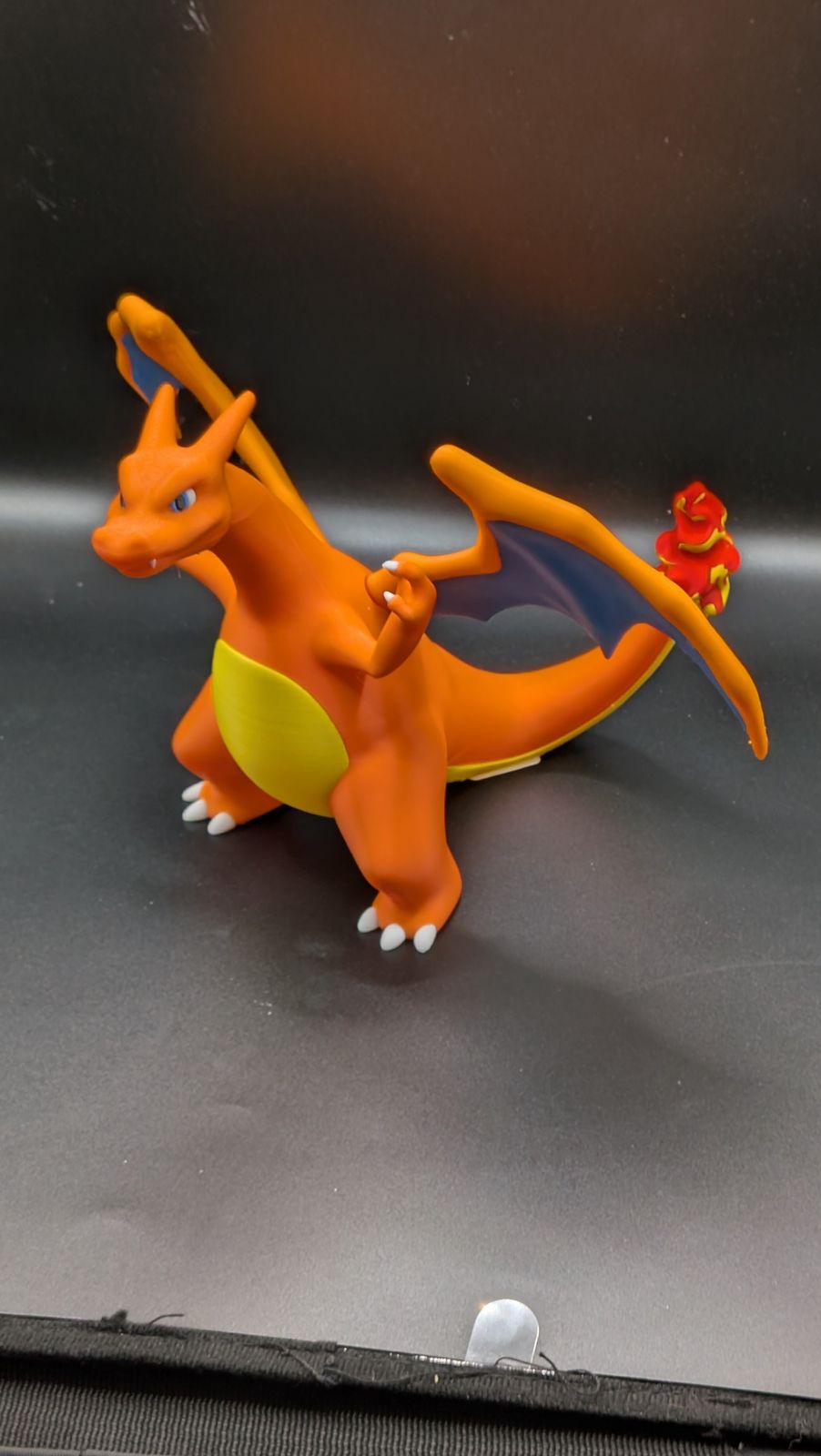 Large Pokemon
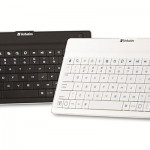 Verbatim Launches Tablet Friendly Bluetooth Keyboard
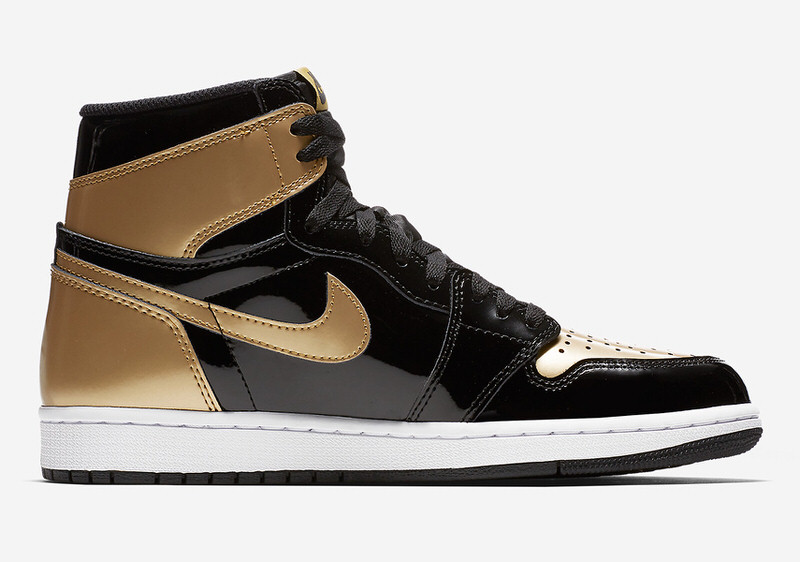 Jordan 1 retro high og nrg gold toe cheap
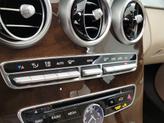 Thumbnail of 2016 Black Mercedes-Benz C-Class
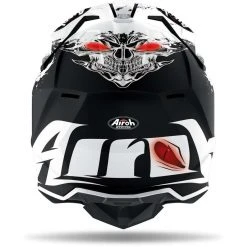 Casque Moto Cross Enduro Airoh WRAAP Beast Opaque 6 Casque Moto Cross Enduro Airoh WRAAP Beast Opaque -Airoh Soldes 2024 casque moto cross enduro airoh wraap beast opaque 144854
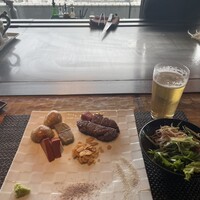 ニュー松坂 梅田32番街店 - 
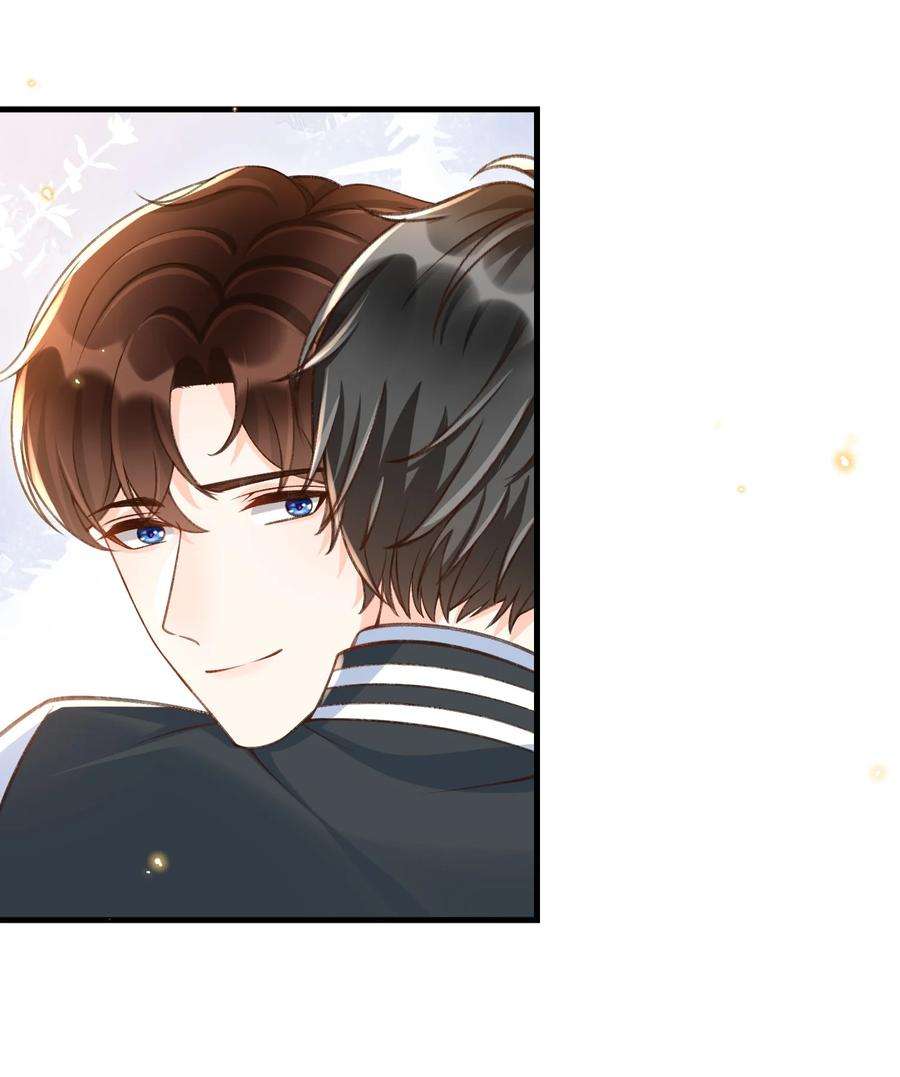 甜不止迟漫画,052 离开你我不会好的！2图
##########
◆ **EXERCISE AIM**
Reproduce the entries above exactly, without images.

◆ **TASK ANSWER**
 Large Pokemon
 Verbatim Launches Tablet Friendly Bluetooth Keyboard
 Jordan 1 retro high og nrg gold toe cheap
 Thumbnail of 2016 Black Mercedes-Benz C-Class
 Casque Moto Cross Enduro Airoh WRAAP Beast Opaque 6 Casque Moto Cross Enduro Airoh WRAAP Beast Opaque -Airoh Soldes 2024 casque moto cross enduro airoh wraap beast opaque 144854
 ニュー松坂 梅田32番街店 - 
 甜不止迟漫画,052 离开你我不会好的！2图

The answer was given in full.